Exercise aim
Starting at the line that contains "Elegant soverom med" and ending at the final line of the entries below, write out each line exactly as it appears, but omit the pictures.

[[ Extracted information open ]]

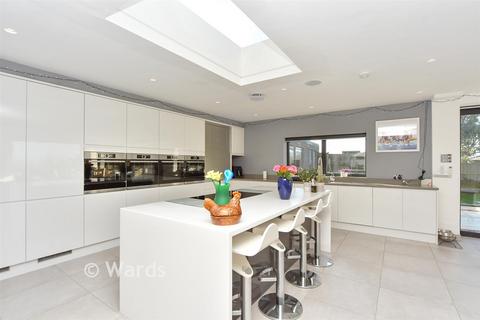 4 bedroom detached house for sale, Grimthorpe Avenue, Whitstable, Kent
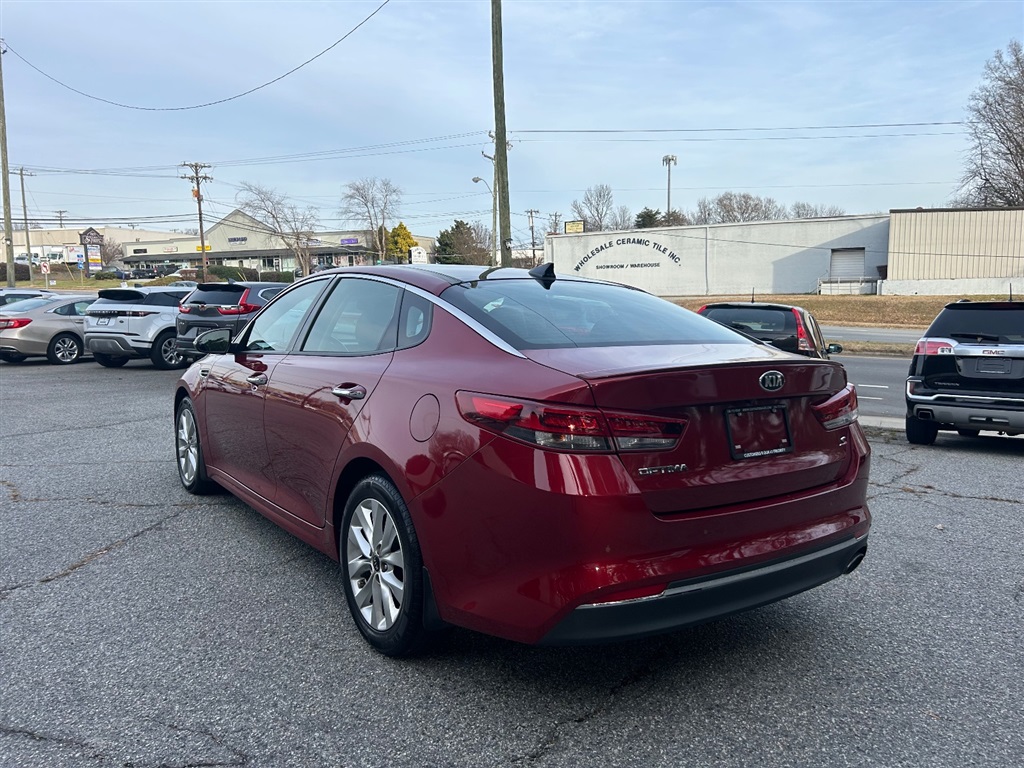 2018 Kia Optima S photo 5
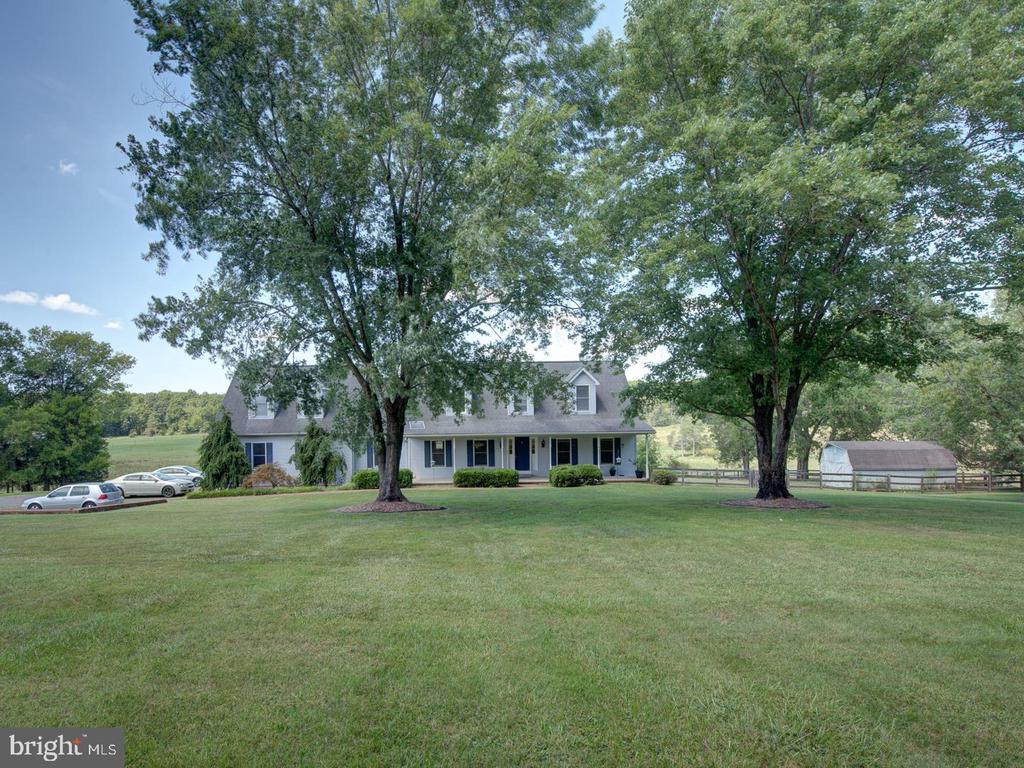 3020 CATLETT RD, CATLETT, Virginia, 5 Bedrooms Bedrooms, ,4 BathroomsBathrooms,Residential,3020 CATLETT RD,VAFQ2012860 MLS # VAFQ2012860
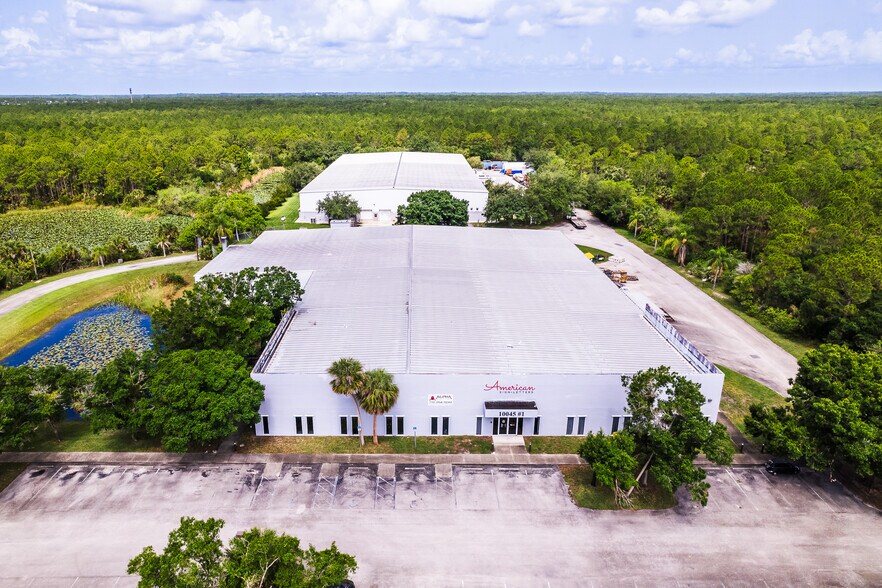 10045 102nd Ter, Sebastian, FL à vendre - Photo de l’immeuble – Image 2 sur 20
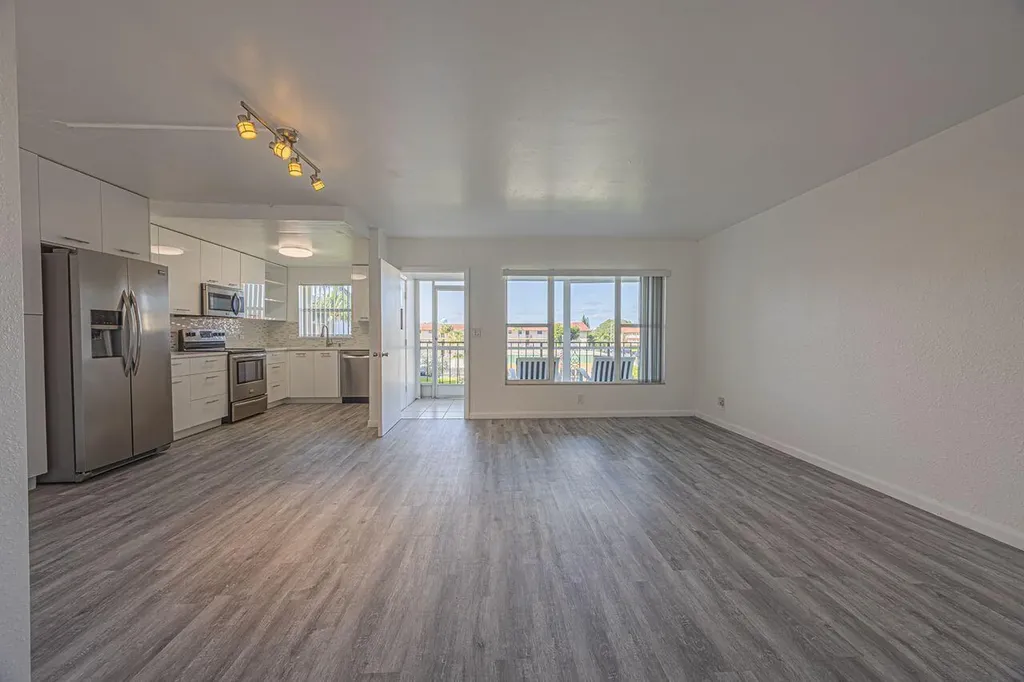 808 SE 7th Street Deerfield Beach FL 33441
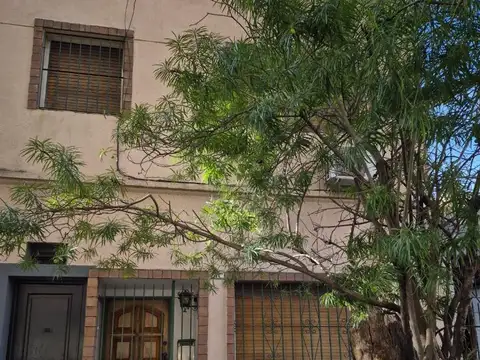 Depto Tipo Casa en Venta en Ramos Mejía, USD 105.000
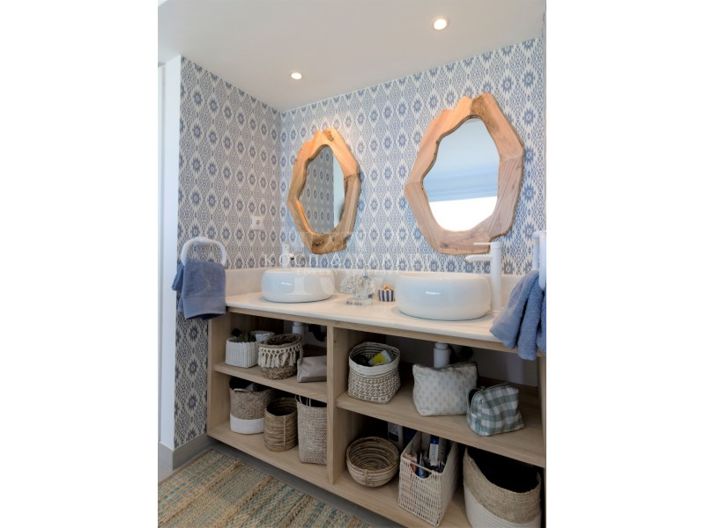 Image No.42-5 Bed Villa for sale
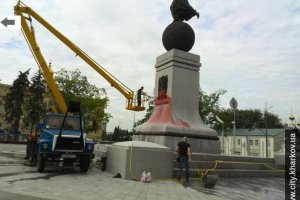 В центре Харькова памятник независимости Украины облили краской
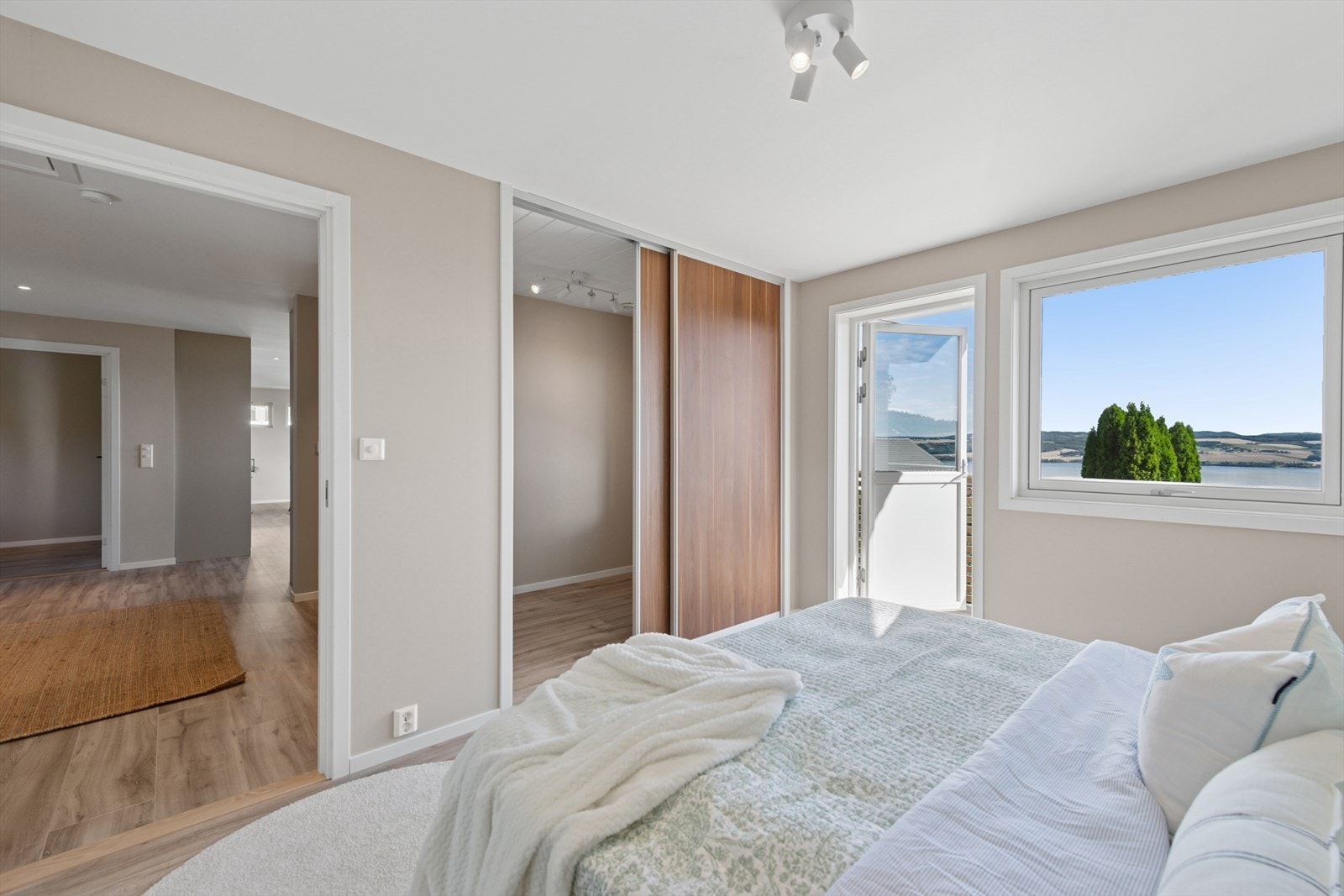 Elegant soverom med god oppbevaringsplass og speildører som gir både stil og god romfølelse. Galleribilde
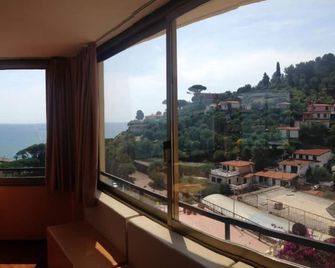 Ulivo - Diano Marina - Balcon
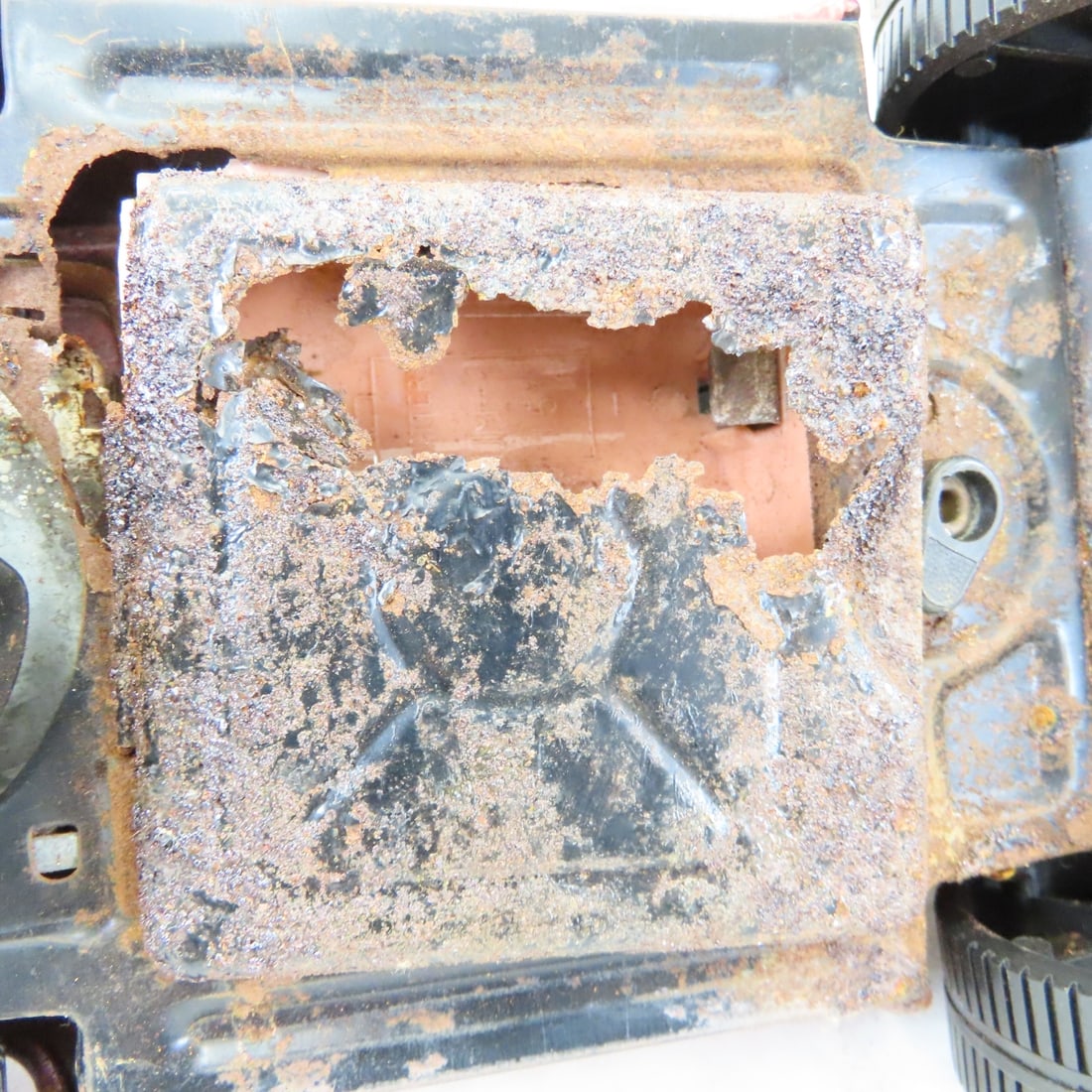 Smoking Volkswagen in Box & 5 Other VW Vehicles - 9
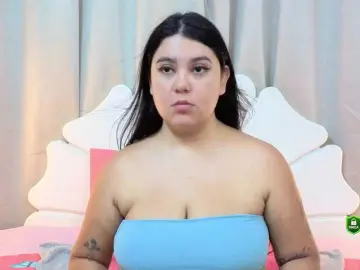 JadeGlow  live sex cam
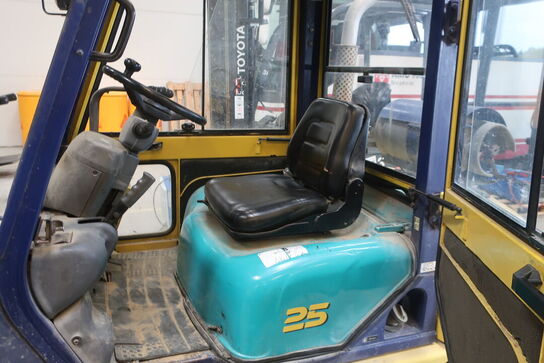 Gaffeltruck KOMATSU FH25HT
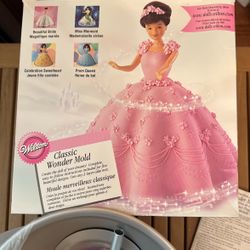 Wilton Classic Wonder Mold - Doll Cake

[[ Extracted information closed ]]

Answer space
 Elegant soverom med god oppbevaringsplass og speildører som gir både stil og god romfølelse. Galleribilde
 Ulivo - Diano Marina - Balcon
 Smoking Volkswagen in Box & 5 Other VW Vehicles - 9
 JadeGlow  live sex cam
 Gaffeltruck KOMATSU FH25HT
 Wilton Classic Wonder Mold - Doll Cake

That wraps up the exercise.